= Beginning of Section =
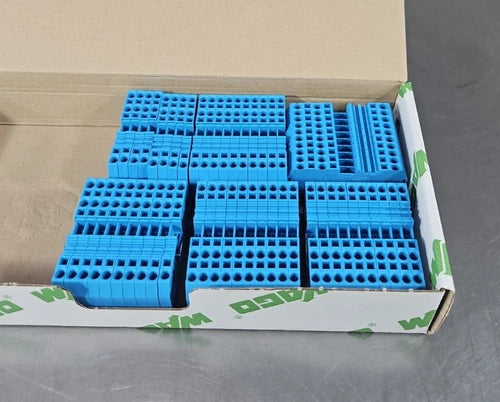 WAGO 280-684 Conductor Through Terminal Block - Lot of 58.              Loc3C-11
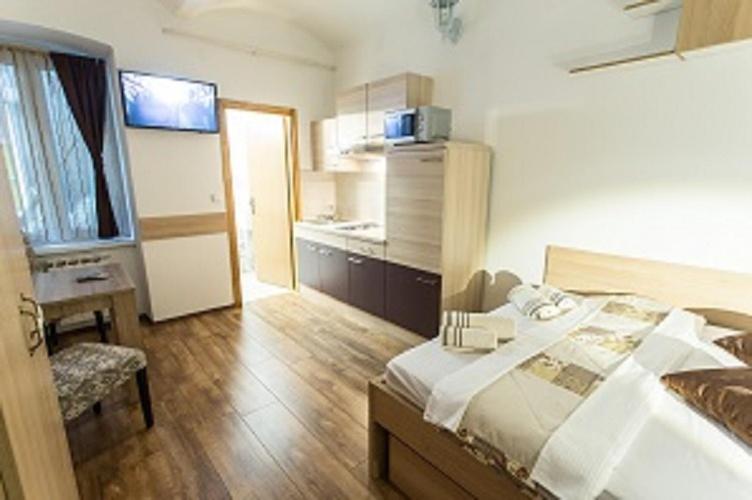 Double Room - Photo 10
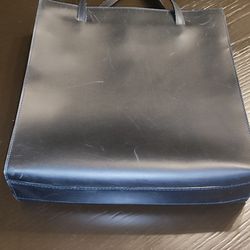 The Fabbrica Italiana Famous Location in Italy Black/White Bag is a stylish tote made in Italy by the brand FFI. This black and white bag features a c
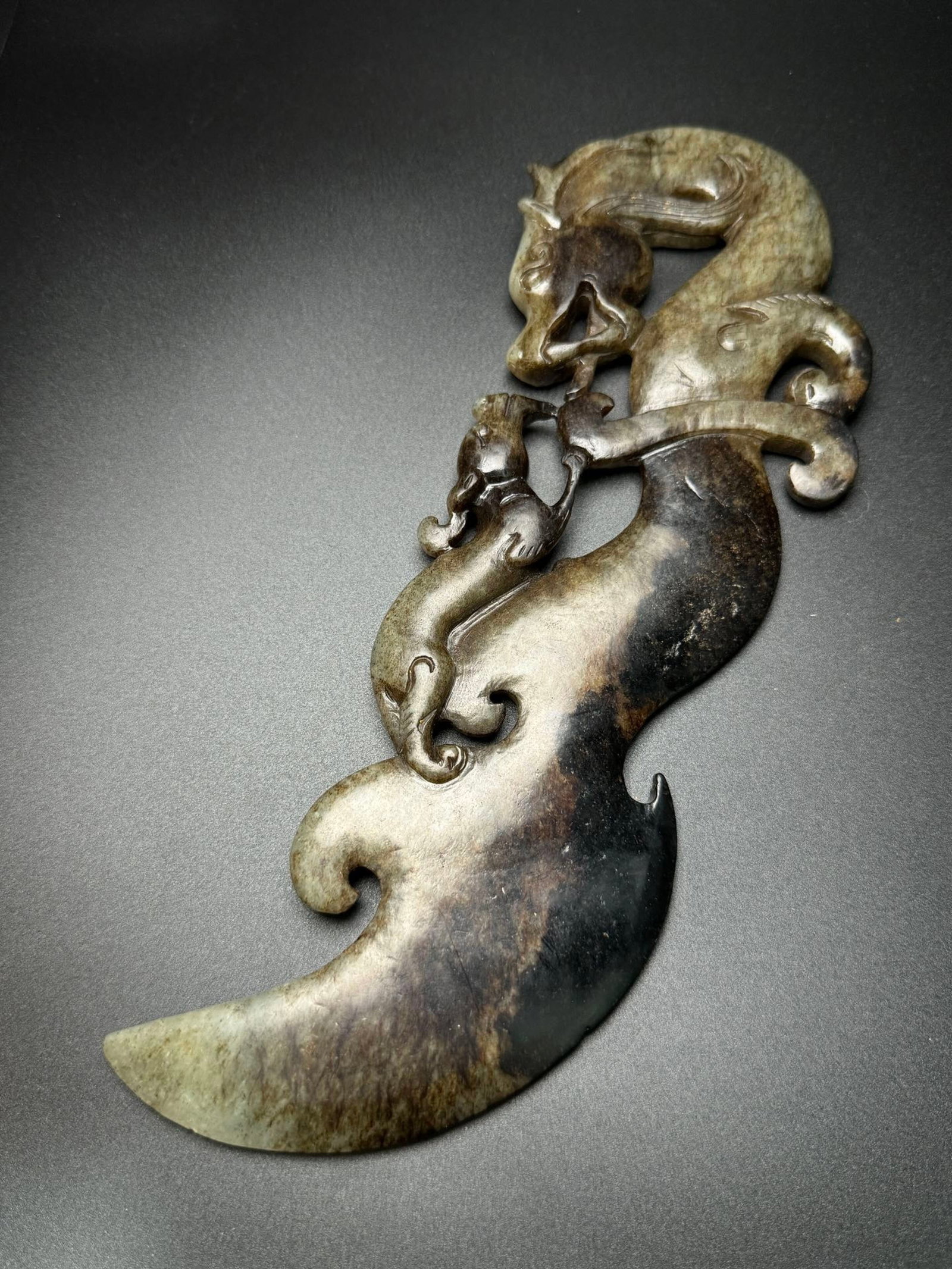 An Exquisite Archaic Jade Dragon Pattern Sword: An Exquisite Archaic Jade Dragon Pattern Sword,Ancient Time,China,Size:10.2inx4.1inx0.6in,Weight:422g 高古玉龙纹刀,中国远古时期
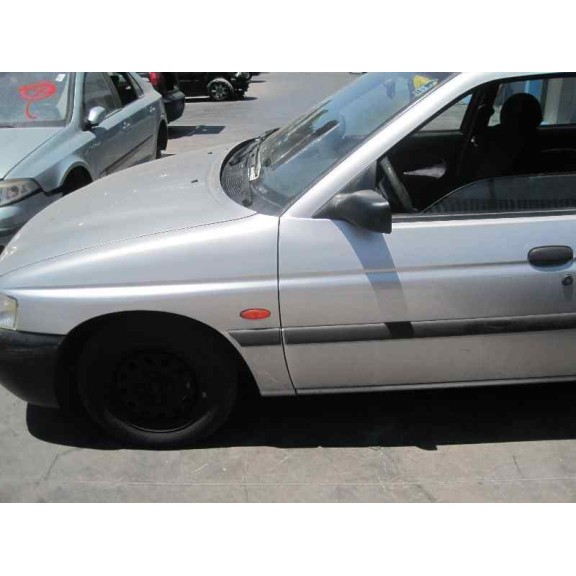 ford escort berlina/turnier del año 1998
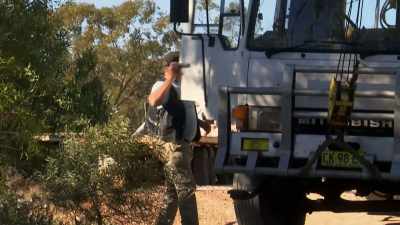 At the Cooke brothers'
$16,000 opal agitator... - Outback Opal Hunters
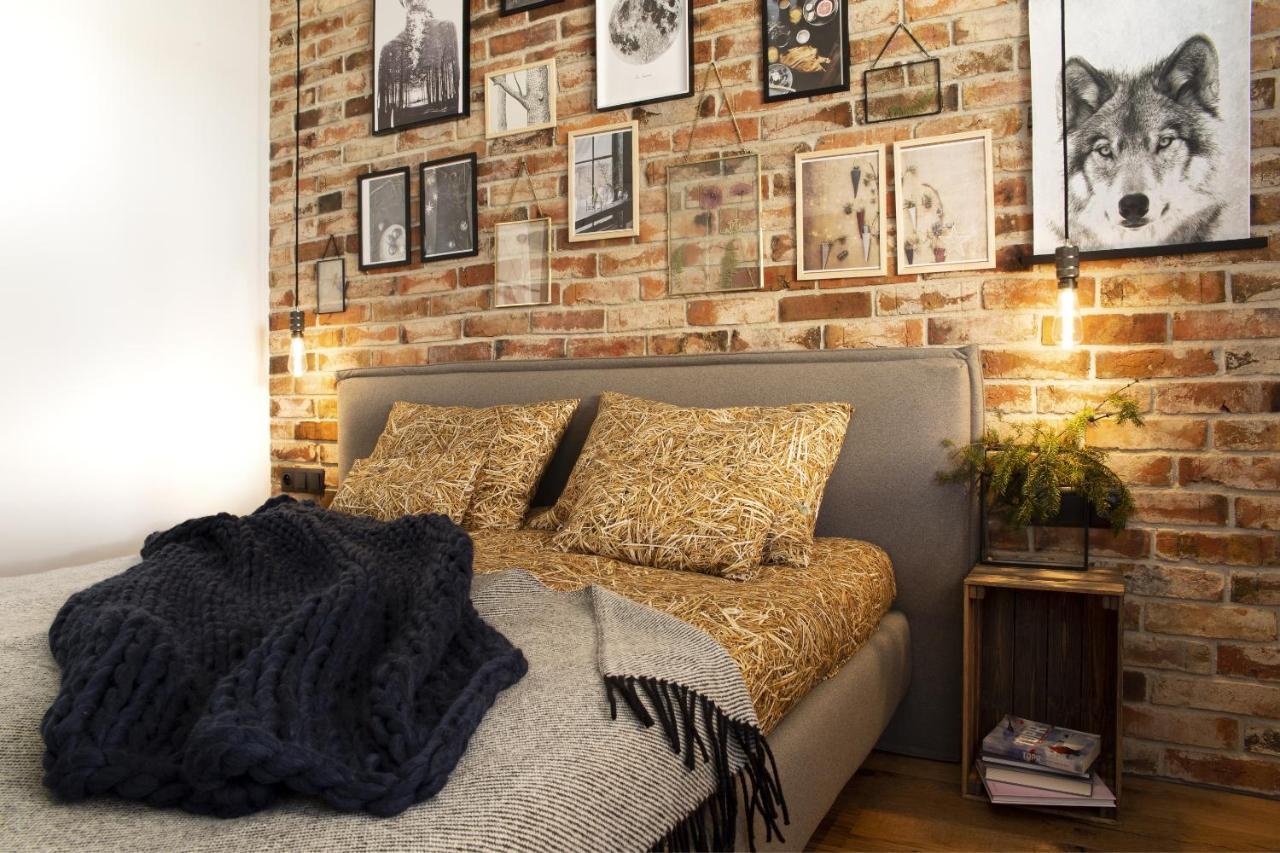 Apartment 04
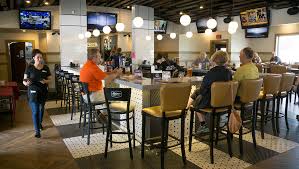 Customers line up for Aubree's Pizzeria opening in Westland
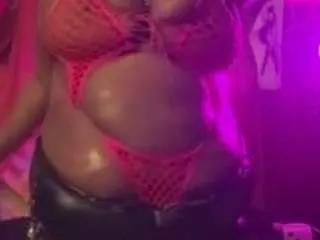 ladylucid from CamSoda is Freechat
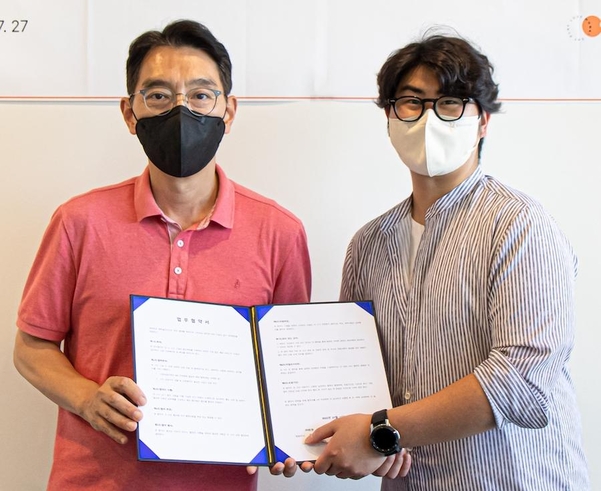 김준성 먼키 외식사업부사장(왼쪽)과 김대현 위펀 이사. / 먼슬리키친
= End of Section =
(Work request) Write out the entries word for word. Skip the pictures.

(Reply to the exercise)
 WAGO 280-684 Conductor Through Terminal Block - Lot of 58.              Loc3C-11
 Double Room - Photo 10
 The Fabbrica Italiana Famous Location in Italy Black/White Bag is a stylish tote made in Italy by the brand FFI. This black and white bag features a c
 An Exquisite Archaic Jade Dragon Pattern Sword: An Exquisite Archaic Jade Dragon Pattern Sword,Ancient Time,China,Size:10.2inx4.1inx0.6in,Weight:422g 高古玉龙纹刀,中国远古时期
 ford escort berlina/turnier del año 1998
 At the Cooke brothers'
$16,000 opal agitator... - Outback Opal Hunters
 Apartment 04
 Customers line up for Aubree's Pizzeria opening in Westland
 ladylucid from CamSoda is Freechat
 김준성 먼키 외식사업부사장(왼쪽)과 김대현 위펀 이사. / 먼슬리키친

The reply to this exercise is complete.